- What this task involves
Your answer should be a faithful copy of the entire listing.

- Source material
━━━━━━━━━━━━━━━━━━━━

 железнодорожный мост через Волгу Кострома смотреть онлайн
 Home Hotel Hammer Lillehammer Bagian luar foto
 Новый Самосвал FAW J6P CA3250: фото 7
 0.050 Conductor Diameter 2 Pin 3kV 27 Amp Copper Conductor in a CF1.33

━━━━━━━━━━━━━━━━━━━━

- Answer section
 железнодорожный мост через Волгу Кострома смотреть онлайн
 Home Hotel Hammer Lillehammer Bagian luar foto
 Новый Самосвал FAW J6P CA3250: фото 7
 0.050 Conductor Diameter 2 Pin 3kV 27 Amp Copper Conductor in a CF1.33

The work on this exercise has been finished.